Who is Zoë Kimmel?
Zoë Kimmel was born (1949) and raised in Chicago. She grew up in the 50s and 60s and first married in 1968, moving to Michigan soon after. She is a retired teacher, but also spent some time working in the non-profit sector. Since the taping, she has retired as Director of Christian Education and is now secretary at a small church on the north side of Battle Creek. She is a mom, grandma, and great grandma; an avid reader; and a writer. She lives in the country on a five-acre homestead in Nashville, Michigan... Smooring En Farm Friends LLC... where she and her best friend Ruth tend their alpacas, make fiber products, and do outdoor education activities with children of all ages.

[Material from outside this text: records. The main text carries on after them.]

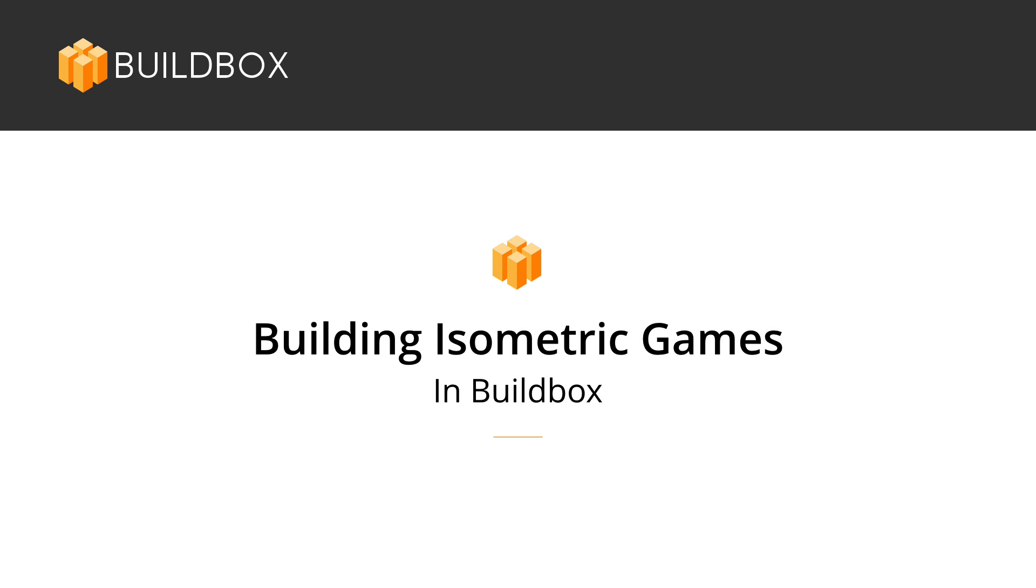Alright, let's kick this thing off. Hi everybody, this is Heath Close with BuildBox and in this three-part series, we're going to take a look at building isometric games in BuildBox.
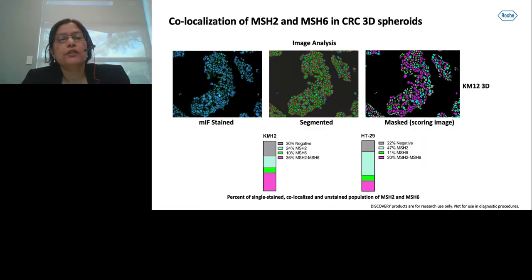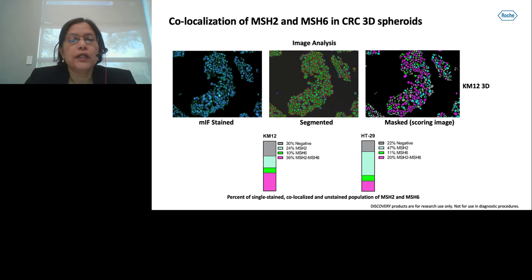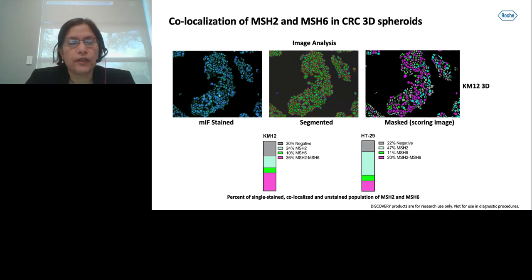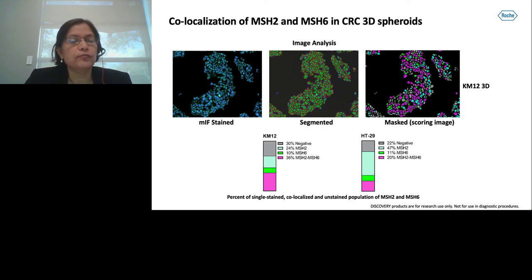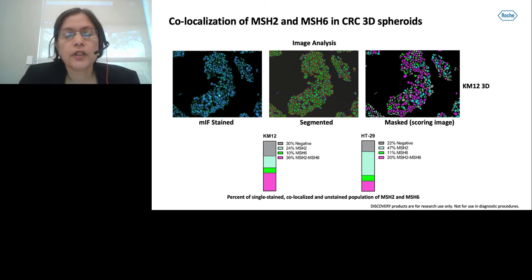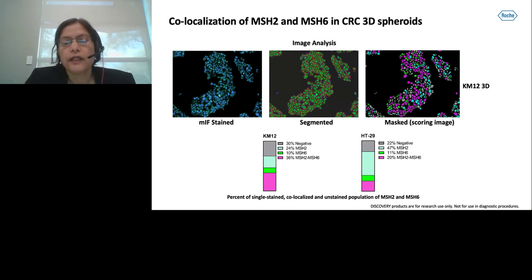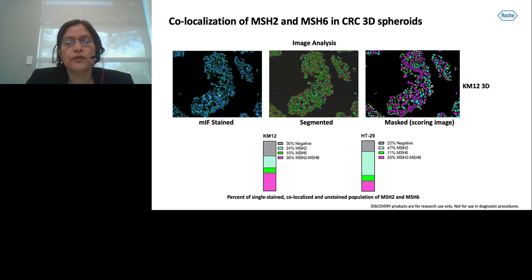Finally, we used the co-localization mask to look at MSH2 and MSH6 single and dual expression in CRC 3D spheroids. Here is an example of multiplex IF showing the segmentation and the segmentation mask in KM12 3D spheroids. The graph clearly shows that MSH2 expression was significantly higher in HT29 compared to KM12, even though co-localization of MSH2 and MSH6 was higher in KM12 versus HT29.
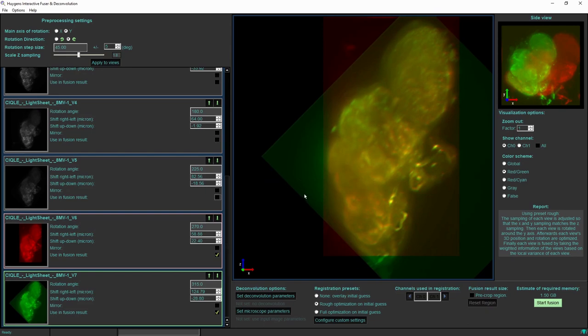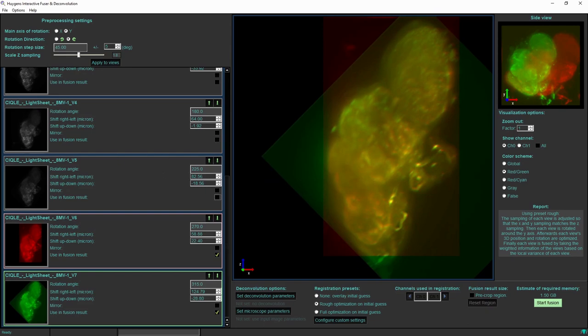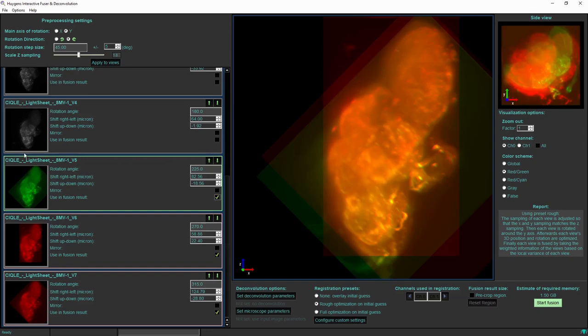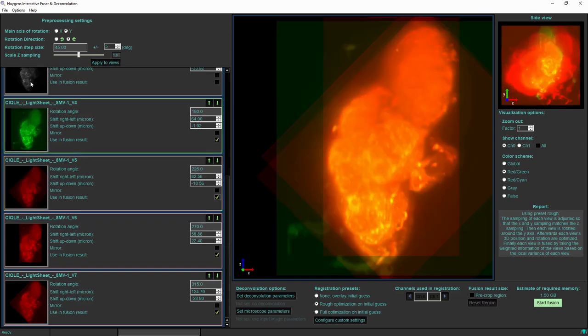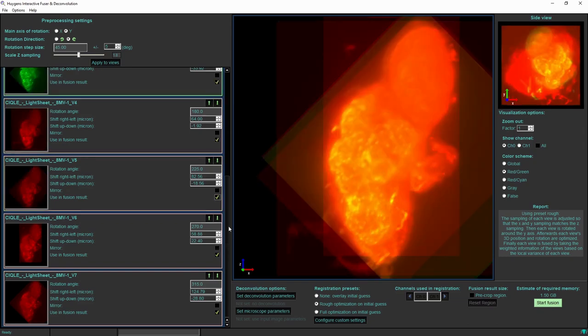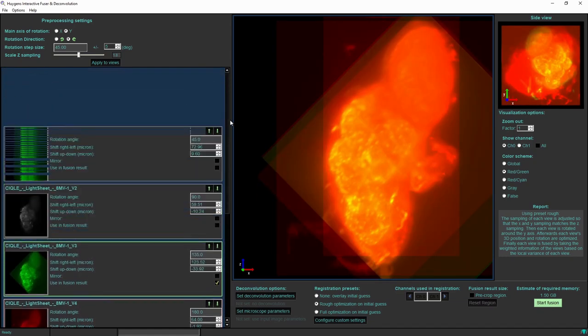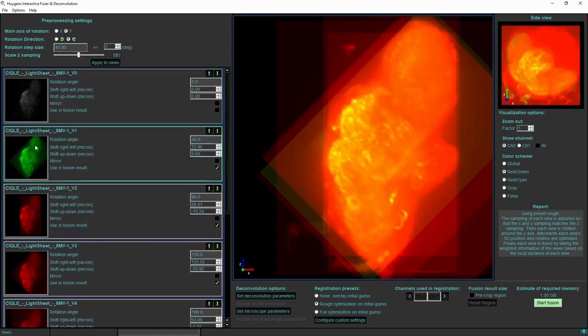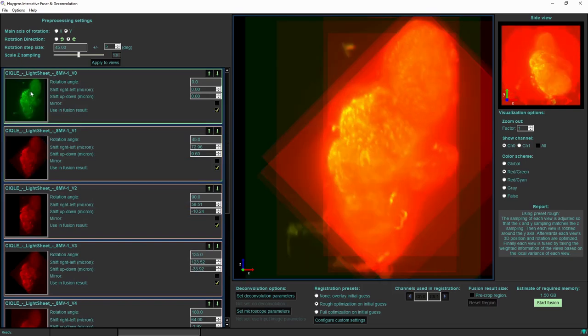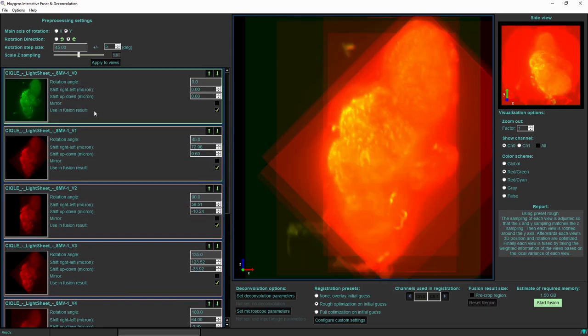Now if I am completely through the list I should select all of the input views if I want to combine all eight of them, because now I am selecting the checkbox use them in the fusion result.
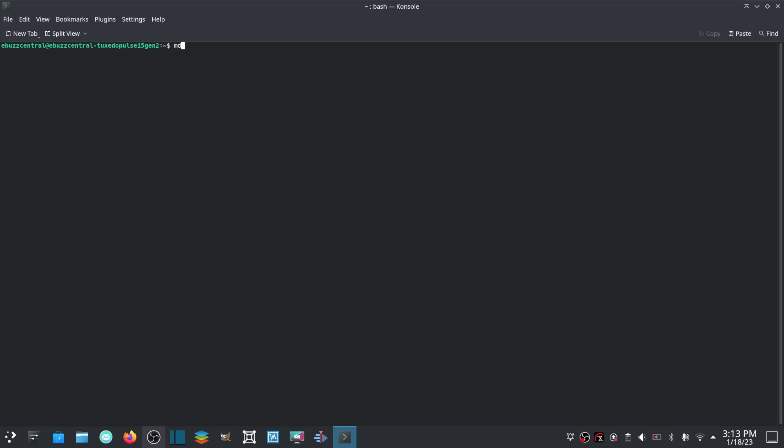Now if you wanted to make a new directory, you could use the mkdir command - mkdir newdirectory - and it will create a new directory for you.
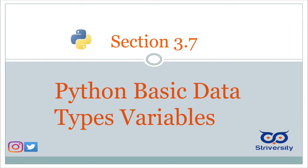Hello, good day and welcome back. So today we'll be talking about basic data types and variables in Python.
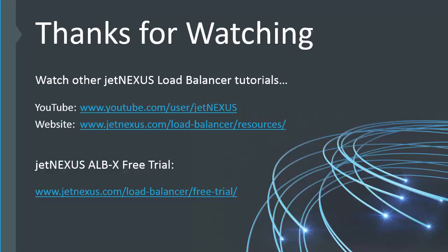So thanks for watching. And don't forget to watch our other JetNexus load balancing tutorials. On the links on the page now.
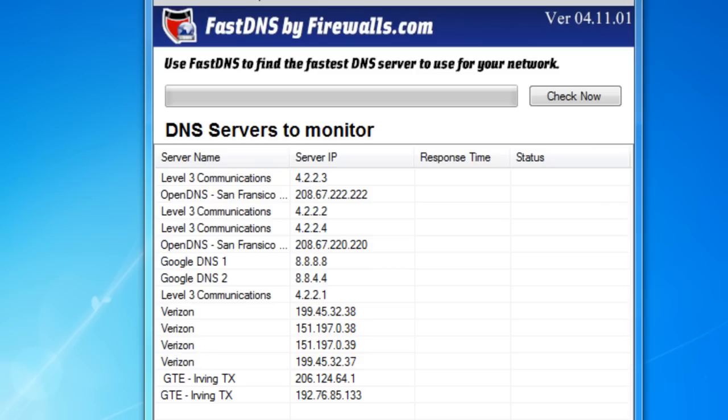Now, in the main screen here, it shows a list of all the servers that we have loaded by default, along with their IP addresses.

Excerpt from interview with Zoë Kimmel by Whitney Dow, 2017
Q: Can you tell me a little bit what motivated you to get involved in this project?
Kimmel: [00:51:59] Well, this project, to me, seems like a necessity, and I say that in the sense that all of my life because of where I grew up, and how I grew up, and my own personal quirks and beliefs, there have been a lot of things that didn’t fit for me. So, I grew up in Chicago. You know I mentioned earlier, I lived there during the ’50s and ’60s with all of the stuff going on with racial issues, with political issues, with the Democratic convention, with Mayor [Richard J.] Daley senior—Mayor Daley was in charge. And so, we knew all of the stuff with, you know, greasing the palms of the aldermen and the jokes about dead people voting. So that was the environment I grew up in.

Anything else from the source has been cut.